» **Your instructions**
From the material below, reproduce exactly the stretch of lines that begins with the line holding "Permukiman Warga SP3" and ends with the line holding "Handwritten Wedding Welcome Sign", skipping the pictures.

» **Input for this task**
▼▼▼
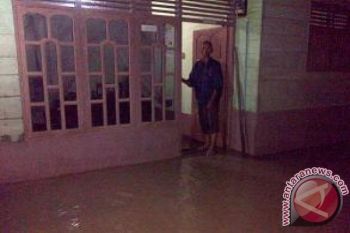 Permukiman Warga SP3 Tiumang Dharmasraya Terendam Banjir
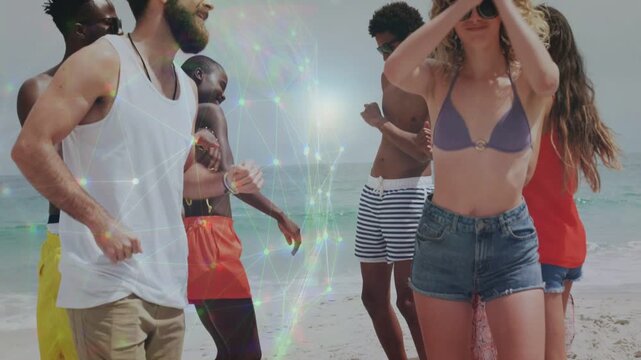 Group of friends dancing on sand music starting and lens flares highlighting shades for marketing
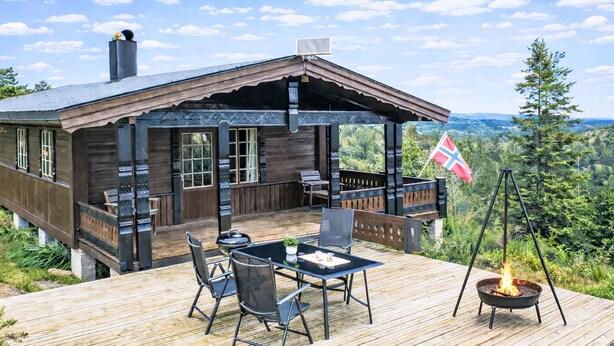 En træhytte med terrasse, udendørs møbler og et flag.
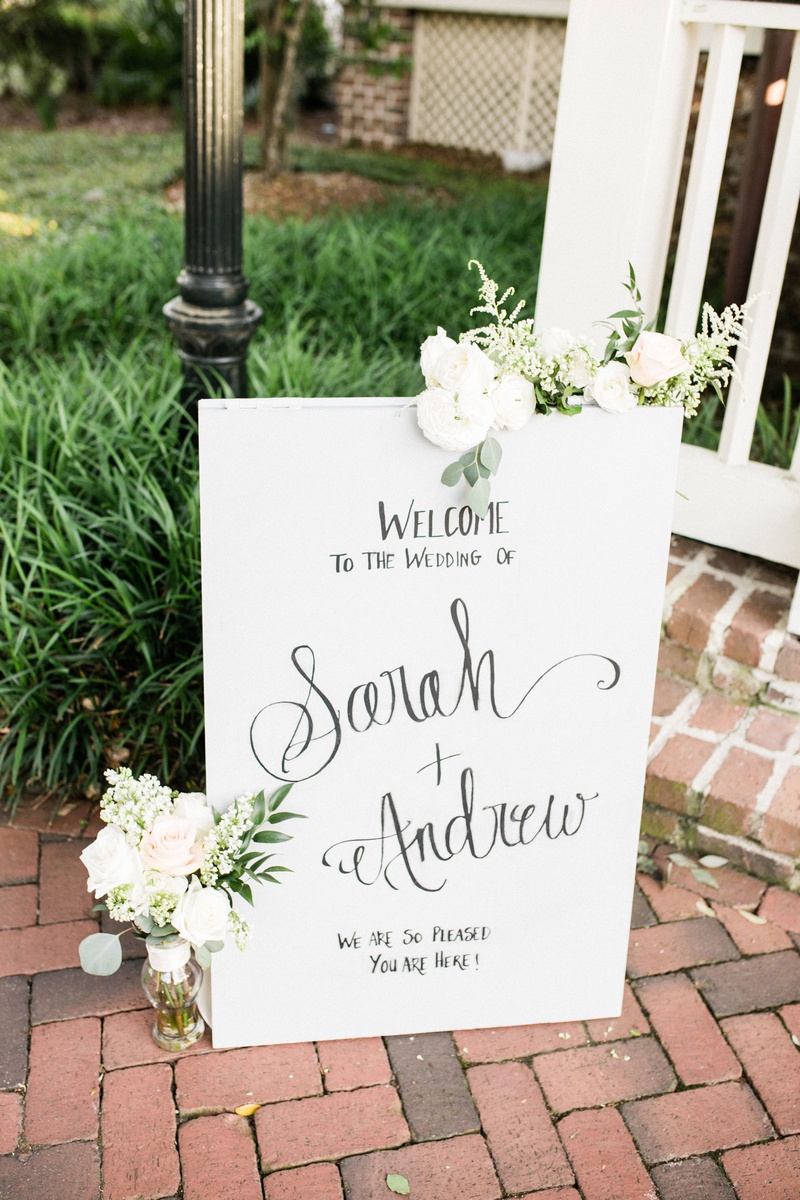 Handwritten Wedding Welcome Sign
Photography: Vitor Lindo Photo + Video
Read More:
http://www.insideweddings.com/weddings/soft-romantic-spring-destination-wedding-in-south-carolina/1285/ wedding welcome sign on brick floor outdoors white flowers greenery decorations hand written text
▲▲▲
▼▼▼
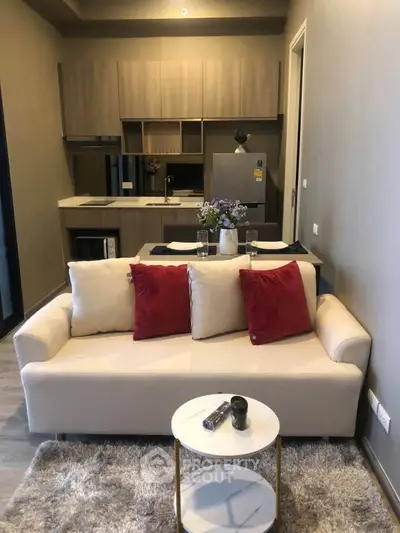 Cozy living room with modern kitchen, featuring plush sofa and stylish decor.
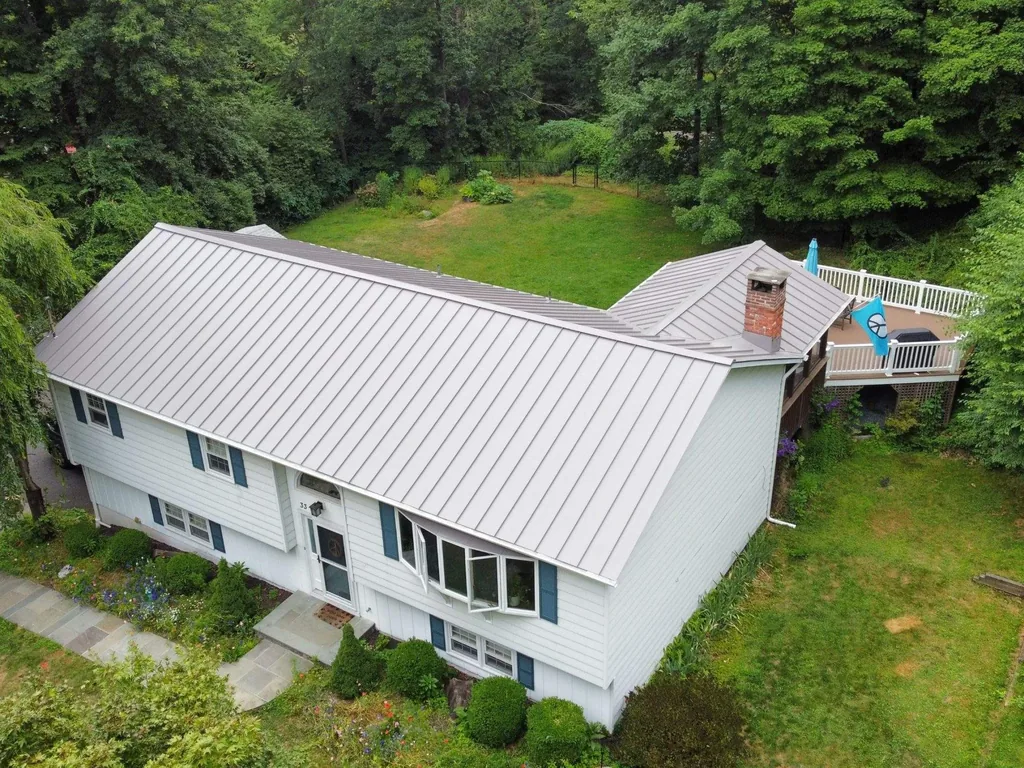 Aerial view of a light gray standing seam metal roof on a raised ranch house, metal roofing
▲▲▲
▼▼▼
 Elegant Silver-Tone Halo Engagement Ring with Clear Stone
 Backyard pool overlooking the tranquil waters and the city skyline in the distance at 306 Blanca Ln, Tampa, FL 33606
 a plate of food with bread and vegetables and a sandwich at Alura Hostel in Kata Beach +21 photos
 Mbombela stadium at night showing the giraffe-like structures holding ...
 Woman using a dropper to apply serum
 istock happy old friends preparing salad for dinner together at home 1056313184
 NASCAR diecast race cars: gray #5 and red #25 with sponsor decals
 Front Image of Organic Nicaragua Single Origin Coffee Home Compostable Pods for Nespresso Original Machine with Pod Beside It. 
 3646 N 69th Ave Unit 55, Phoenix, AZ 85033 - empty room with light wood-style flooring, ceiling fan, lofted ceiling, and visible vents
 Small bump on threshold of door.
▲▲▲
» **Solution for this task**
 Permukiman Warga SP3 Tiumang Dharmasraya Terendam Banjir
 Group of friends dancing on sand music starting and lens flares highlighting shades for marketing
 En træhytte med terrasse, udendørs møbler og et flag.
 Handwritten Wedding Welcome Sign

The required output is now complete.